Pour se faire, elle se glisse dans la peau de l’aînée, celle qui a survécu, et raconte à la petite sœur qui est en train de mourir de son anorexie, l’histoire de la famille, l’histoire de l’exil, l’histoire de l’arrivée en France avec tout ce que cela comporte. Elle lui raconte son père fils de berger qui a demandé la main de la fille d’un fils de marabout et qui est parti travailler en France pour gagner de l’argent. Elle raconte l’attente de la mère : six ans avant que le père puisse l’emmener dans un minable F3 de la Porte de Vanves. Elle raconte la déception pour cette fière femme algérienne de n’être rien dans cette grande ville qui promettait cependant tout dans la bouche de ceux qui en rêvaient. Elle raconte les humiliations subies par le père, la mère qui doit quitter son voile, l’école où il faut accepter sa différence, cette différence que la petite sœur n’acceptera jamais. Elle est née en France et est et restera toujours française.

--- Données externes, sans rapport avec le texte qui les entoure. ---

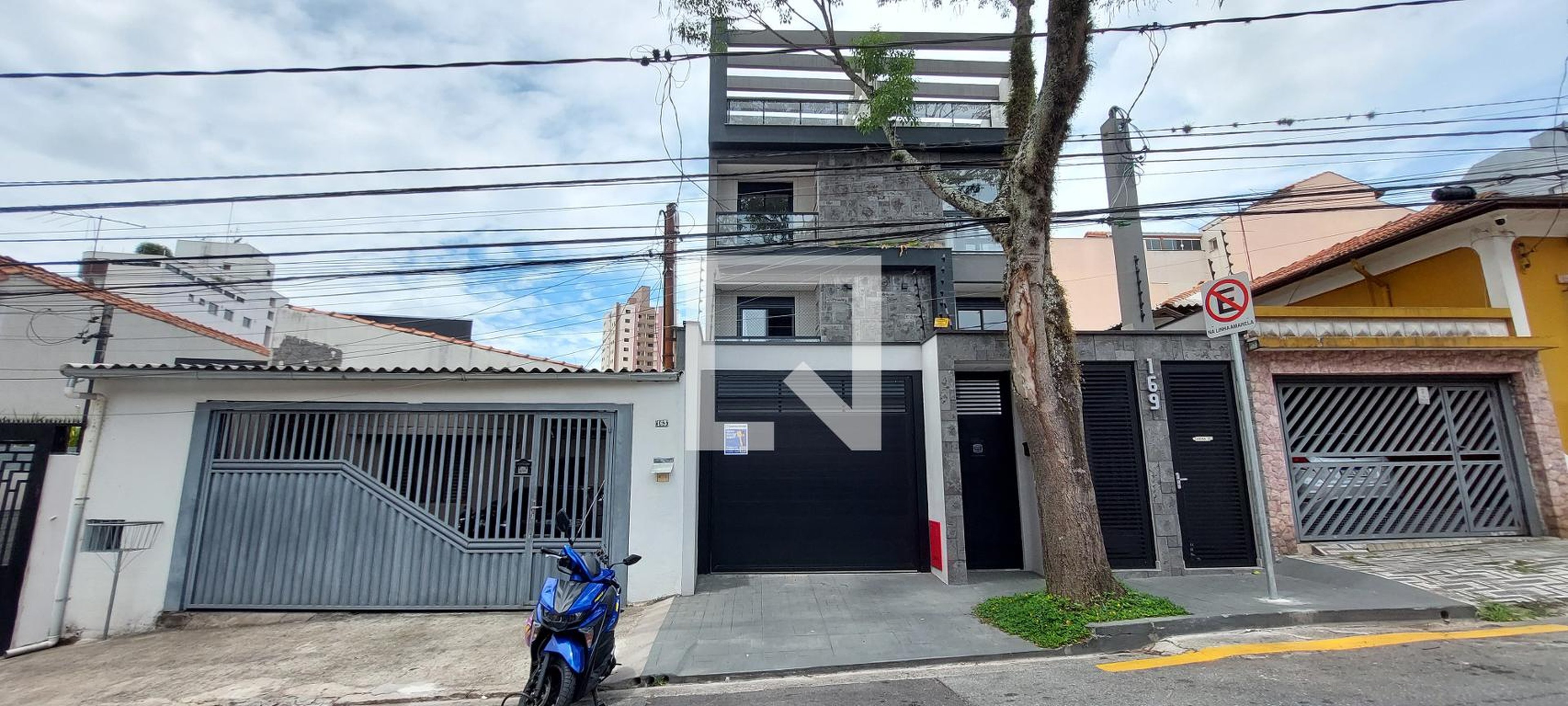 Fachada Condomínio em Rua Vitória, 169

Elle raconte aussi les retours au pays où il faut faire bonne figure quitte à se ruiner pour offrir un cadeau à chacun, pour faire croire qu’on a réussi et qu’on est devenu riche. Seul le paraître compte au bled, il faut toujours sauver la face. Et puis viennent les violences en Algérie qui coupent toutes les possibilités de retour au pays, c’est comme un nouvel exil et le début de la dégringolade après l’accident du père qui entrainera rapidement son décès. Un engrenage infernal va alors se mettre en marche et broyer cette petite société de femmes : la mère totalement inadaptée pour vivre dans une grande ville, la plus jeune des filles anorexique qui ne peut tenir aucun emploi et la plus grande qui prend tout le monde en charge, du moins tant qu’elle le peut.

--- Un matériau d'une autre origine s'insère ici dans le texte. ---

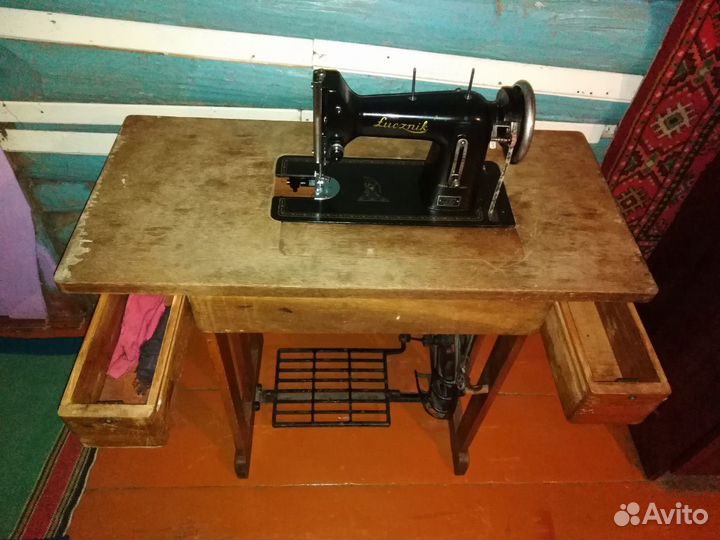 Швейная машина Lucznik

Fawzia Zouari dresse un tableau sans concession du fameux miroir aux alouettes qui drainent les populations du Maghreb et, plus généralement, de l’Afrique entière vers les grandes villes européennes où elles viennent gonfler un sous-prolétariat qui survit dans des conditions misérables avec des revenus plus qu’aléatoires. Elle stigmatise aussi fortement le désintérêt des autochtones pour ses populations dans le besoin et n’hésite pas à pointer un doigt accusateur en direction de certains responsables. Mais, je ne l’accompagnerai pas dans cette analyse, je lui laisserai ses conclusions. Je déplorerai seulement que sous le prétexte d’une fierté bien mal placée des jeunes femmes puissent encore mourir de faim dans nos grandes villes. Quand la fierté fait office de dignité, la situation peut se dégrader bien vite.
C’est en tout cas avec une grande délicatesse, beaucoup de sincérité et de lucidité, et une réelle pudeur que l’auteur aborde ce fait divers bien dramatique qui, à mon sens, est plus pitoyable et prosaïque que les explications un peu trop intellectuelles qu’il en donne. La mère est morte de l’Algérie qu’elle a perdue, la fille est morte de la France qu’elle n’a pas eue et l’autre fille serait morte du pays qu’elle n’aurait pas su se construire. C’est une conclusion certes fort intéressante mais reste qu’il y a tout de même des gestes simples qui peuvent prévenir contre la mort dans de telles circonstances.